In this study, the thermophysical properties (thermal conductivity, thermal diffusivity, and specific heat) of big-eyed tuna and pacific cod were measured under identical conditions. There have been no reports about these thermophysical properties of big-eyed tuna and pacific cod. A modified version of current probe method[Citation15] was used for the determination of the thermal conductivity and thermal diffusivity. The specific heat of the sample was estimated from the definition of thermal diffusivity. The objectives of this study were: (1) under identical conditions, to simultaneously obtain the three kinds of thermophysical properties of the samples by the modified version of current probe method; (2) to examine the effect of temperature on the thermophysical properties of the samples; and (3) to determine the most suitable prediction model for each thermophysical property of the samples.
MATERIALS AND METHODS
Samples
The fillets of big-eyed tuna (Thunnus obesus) and pacific cod (Gadus macrocephalus) were purchased from a local market. The moisture content of the samples was determined using the moisture analyzer (A&D Co., Ltd., MX-50, Tokyo, Japan) in which 5 g of the sample was dried at 160°C until the decrease of the sample’s mass was less than 0.05 g per one minute. The moisture contents for big-eyed tuna and pacific cod were 74.0 and 80.4% (w.b.), respectively; these values were almost equal to the values in standard table of food compositions in Japan.[Citation16] Therefore, the compositions of each sample were calculated from measured data of moisture content and data from the standard table of food compositions in Japan,[Citation16] and given in .

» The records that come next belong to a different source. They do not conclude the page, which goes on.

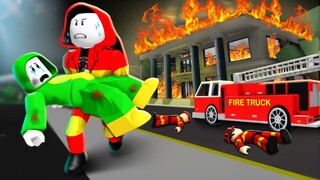 Mikey Becomes a Firefighter | Maizen Roblox | ROBLOX Brookhaven 🏡RP - FUNNY MOMENTS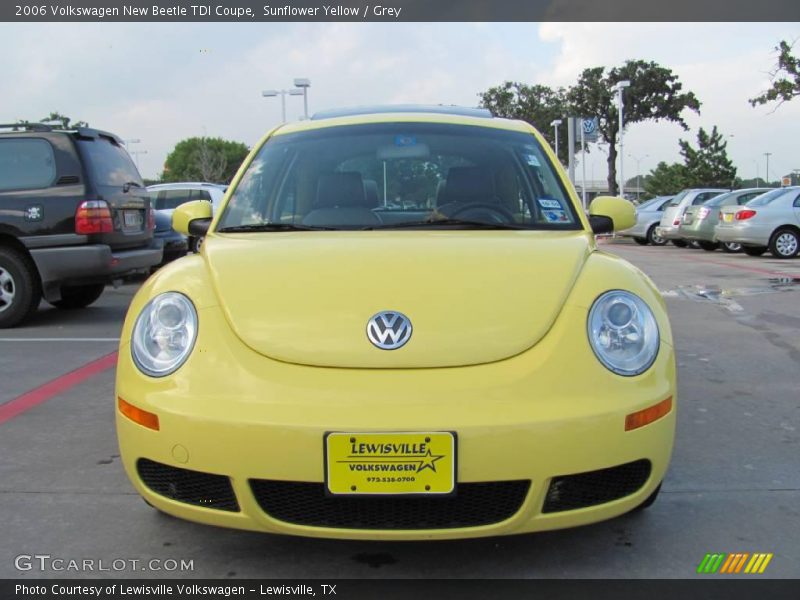 Sunflower Yellow / Grey 2006 Volkswagen New Beetle TDI Coupe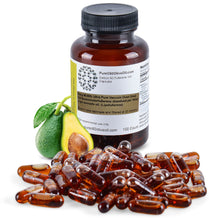 C60 Organic Avocado Oil Capsules / Pills 100ml - 99.99% C60 Solvent-Free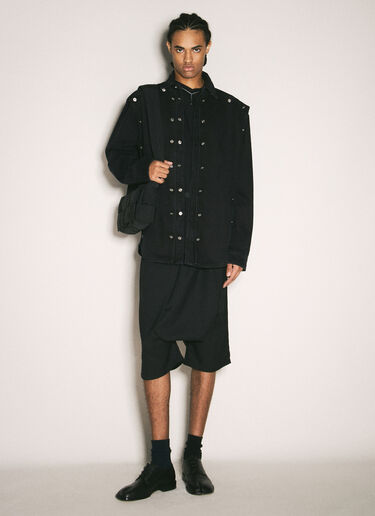Evergreen Snap-Off Denim Shirt Y/Project Evergreen Snap-Off Denim Shirt Black ypr0358005
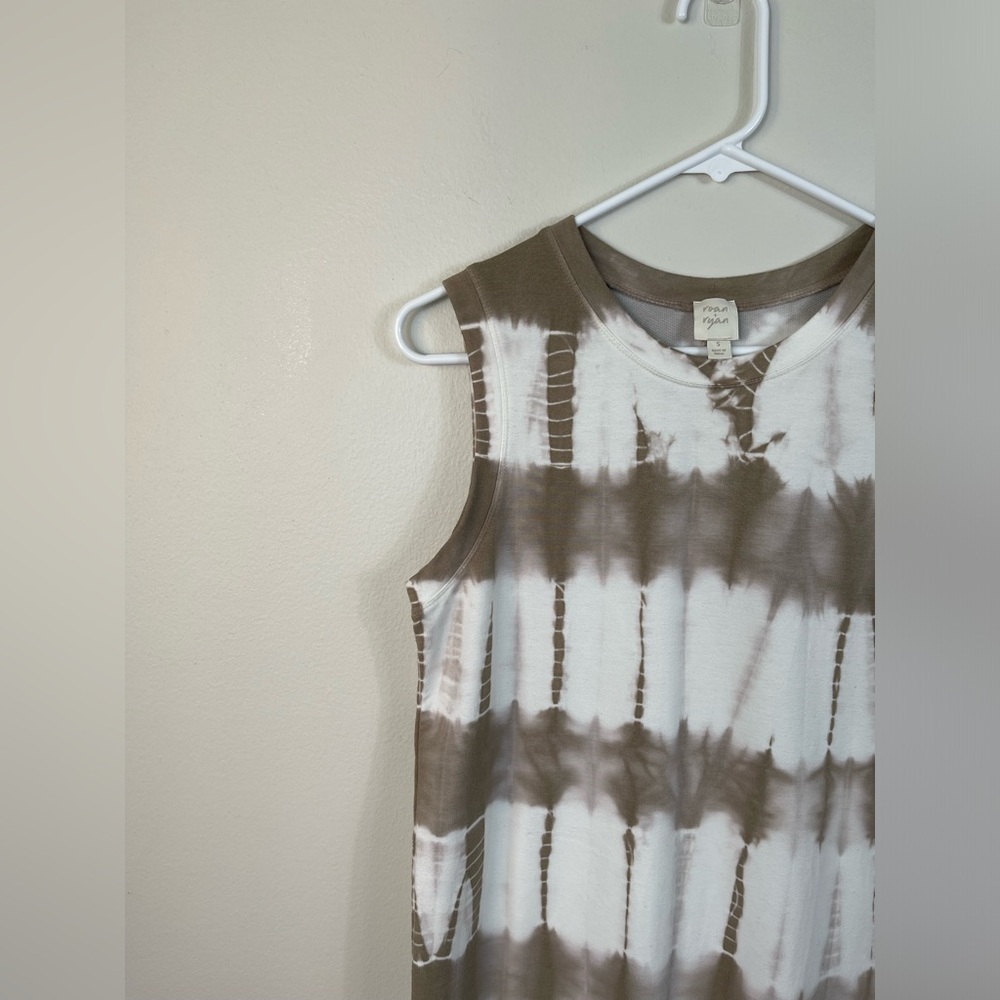 Roan+Ryan Sleeveless Tie-Dye Dress Summer Beach Size S - Picture 2 of 13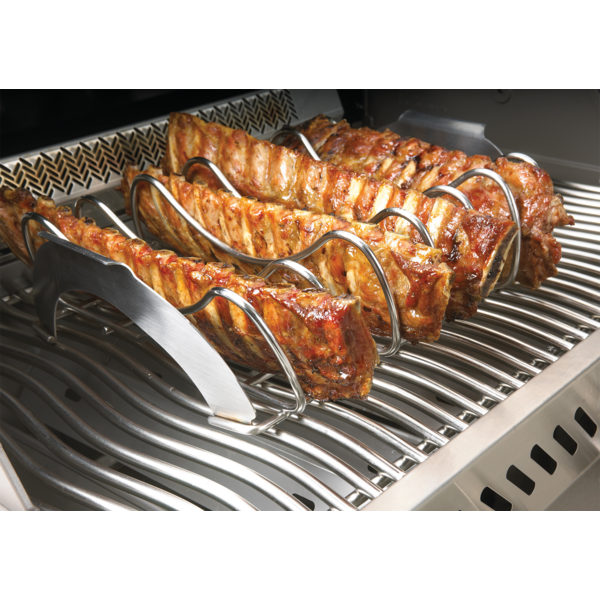 Napoleon PRO Spare Rib Halter Edelstahl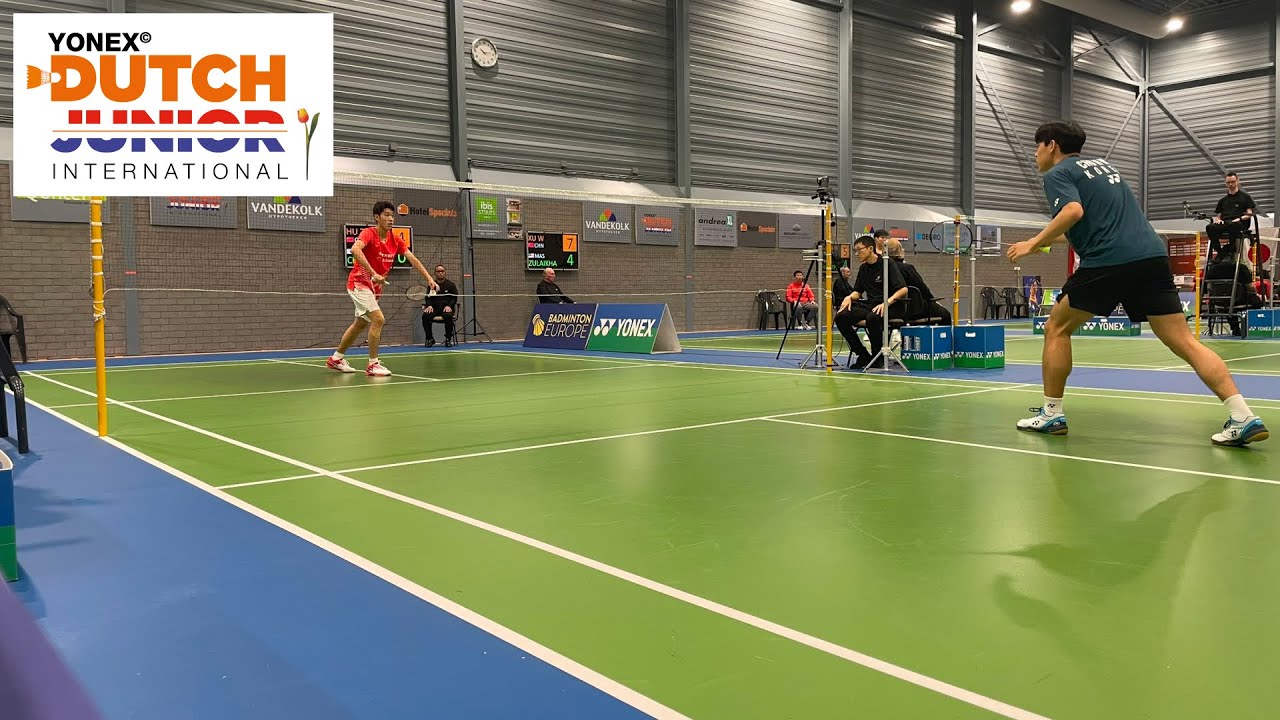 SF, MS, 🇨🇳 Hu Zhe An vs. 🇰🇷 Cho Hyeon Woo - Yonex Dutch Junior International 2024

TABLE 1 Compositions (mass fraction and volume fraction) of each component for each sample
Measurement of Thermophysical Properties
Thermophysical properties of the samples were measured with the modified transient heat flow probe method[Citation15] at seven different temperatures (5, 10, 15, 20, 30, 40, and 50°C). The measurement condition was selected in consideration of the treatment for cooling and preparation of cooking of seafood. In this method, the thermal conductivity and thermal diffusivity are determined using the data of the change in temperature from the probe inserted in the sample. The probe consisted of a constantan heater wire and a T-type thermocouple in a stainless steel tube (1 mm in outer diameter and 100 mm in length). The details of measurement apparatus and estimation method of thermophysical properties used in this study were given in literature.[Citation15]
The samples were cut into rectangular parallelepiped 20 mm long, 30 mm wide, and 170 mm high for measurement of thermophysical properties. After the probe was inserted into the center of sample cross section 20 mm long and 30 mm wide, the sample was submerged in the water bath; thus, the temperature of the sample was controlled. To avoid the changes in moisture content of the sample, the sample wrapped with clear plastic food wrap (0.01 mm-thick polyvinylidene chloride) was put in the plastic bag (0.01 mm-thick polyethylene). The sample must be readied in the initial state of thermal equilibrium. When the temperature difference between the preset temperature and the sample temperature was less than 0.01°C, it was considered that they had reached the thermal equilibrium. Approximately 90 min were necessary to achieve this state of equilibrium. After the thermal equilibrium state had been established, the probe heater wire was energized, and the temperatures of the probe increased with time. The probe temperature changes were amplified and recorded with the data logger. The input and output range of the amplifier were adjusted to 100 μV and 10 mV, respectively, and the current applied to the heater wire in the probe was adjusted to 130 mA to raise the temperature of the probe to about 2°C. Current was supplied to the heater wire of the probe for 180 s. In this study, the measurements of thermophysical properties were replicated five times for each experimental condition. As the deviation of the five measurements from the mean value was less than ± 5%, the mean was taken as the measured value.
Estimation Method of Thermophysical Properties
To estimate the thermophysical properties of the samples, the measured probe temperature changes between 30–180 s were fitted by a least squares method to Eq. (1), and the values of the parameters F and G were determined.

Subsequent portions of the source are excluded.